In the years since I left the army I have depended greatly on Christian Radio to keep my head straight and clear of the garbage on TV. I am particularly enamored of the classic long-running radio drama called Unshackled, and I often wonder if an account of my own disturbed adolescence and subsequent life in Christ could be as enthralling and inspirational to others as those radio dramas are to me.

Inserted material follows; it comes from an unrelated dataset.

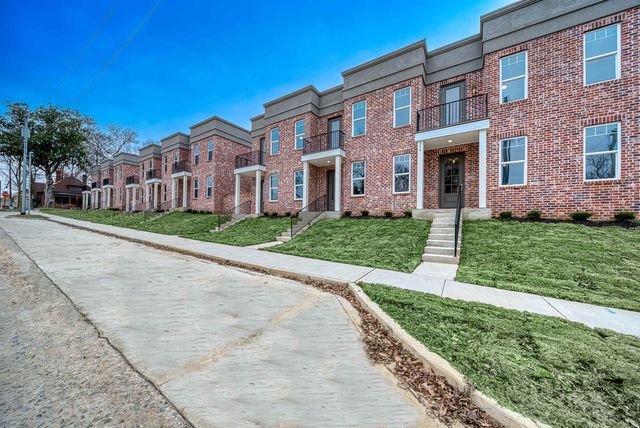 224 E WASHINGTON AVE, Covington, TN 38019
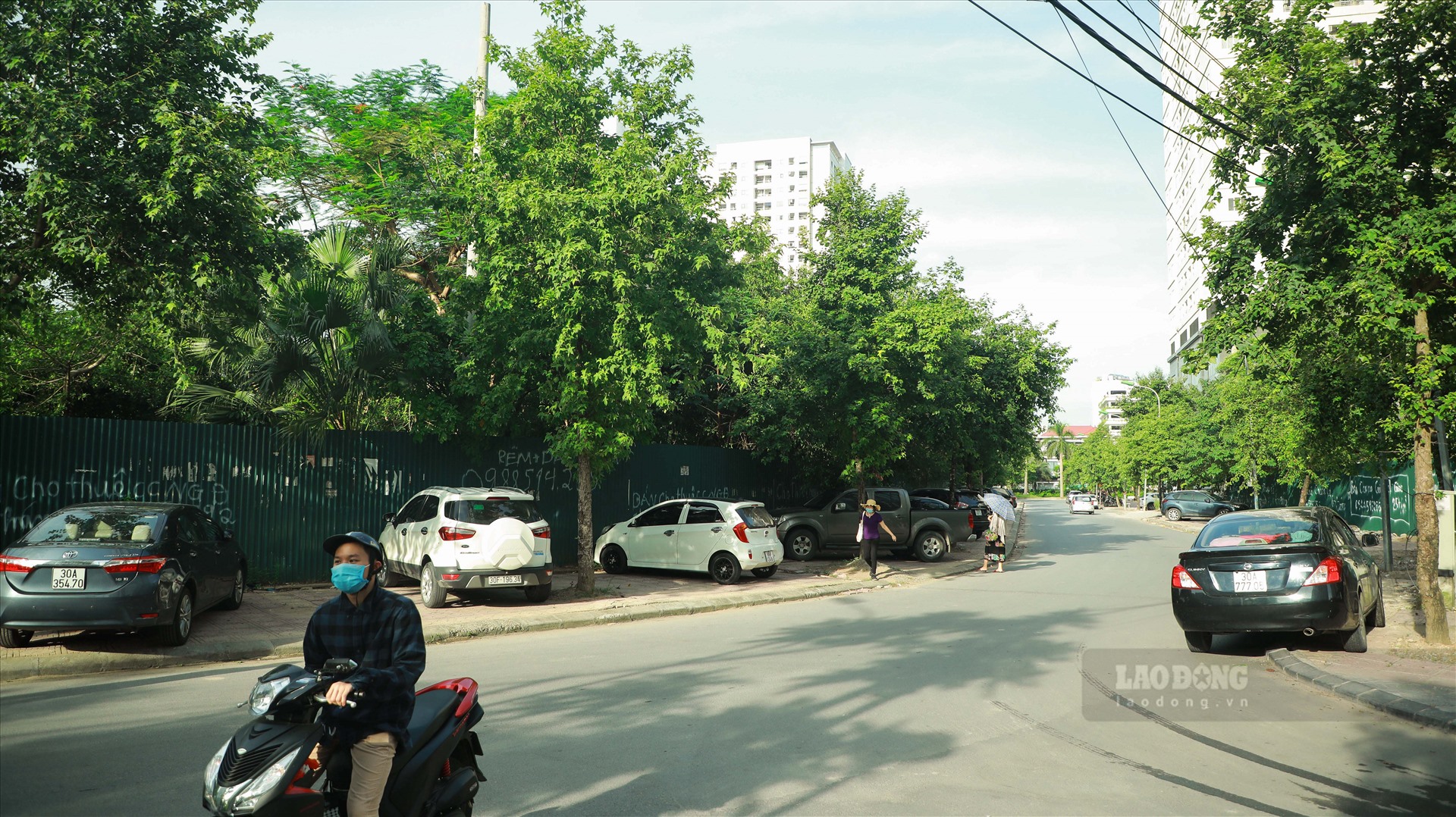 Nhiều người đi bộ phải đi dưới lòng đường vì không còn lối đi riêng.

As a military history buff I am also an avid reader of war stories, even though they often disturb and sadden me, but I find most of the stories written by professional journalists repugnant. I must admit that I harbor a prejudice against journalists in general. I know that there is a public prejudice against lawyers, and I live with that knowing that so many of us have earned the publics disdain, and I feel that our contemporary journalists are doing the same. They seem to me for the most part to consider themselves members of the intellectually elite and entitled to impose their politically correct opinions upon the public by any means available, including lies and distortions. Most have never served in the military and would never interrupt their lives and subject themselves to the discipline, sacrifices, and hardships that might entail, but nevertheless they are convinced that their opinions are vastly superior to those of any military leader or professional.
I recently read a Vietnam war story, A Rumor of War, by Phillip Caputo, that did indeed sadden and disturb me, just as the author intended it to do. Although Mr. Caputo has since become a journalist, he in no wise conforms to my disparaging assessment of journalists in general. He opted for a military career as a young man and became a dedicated and capable Marine officer and experienced intense and protracted combat in an unpopular and frustrating war under the worst tropical terrain and weather conditions imaginable. Certainly no one who has experienced war would glorify it, and no one hates wars and the causes and persons that precipitate them more than those who have fought in them, but yet in spite of all our prayers and aspirations war is always with us or threatening us, just as Jesus Christ said it would two thousand years ago. Phillip Caputo seems to attribute the Vietnam conflicts horrors, incredible cruelty, and the moral degradation it imposed upon him to the U.S. government, the Marine Corps and military leaders, and Vietnamese corruption. In doing so he follows a pattern set by many observers and participants in the Vietnam conflict and some of our previous wars as well. I find a stark contrast to this in the writings of Oliver North, who also distinguished himself in combat as a Marine infantry platoon leader in Vietnam, and later went on to become a military aide to the Reagan administration. Like Caputo, his military career was compromised by the very government and leaders to whom he had devoted his allegiance, but North continues to revere and respect his country and the Marine Corps in which he feels he was privileged to serve. I find the contrast thought-provoking.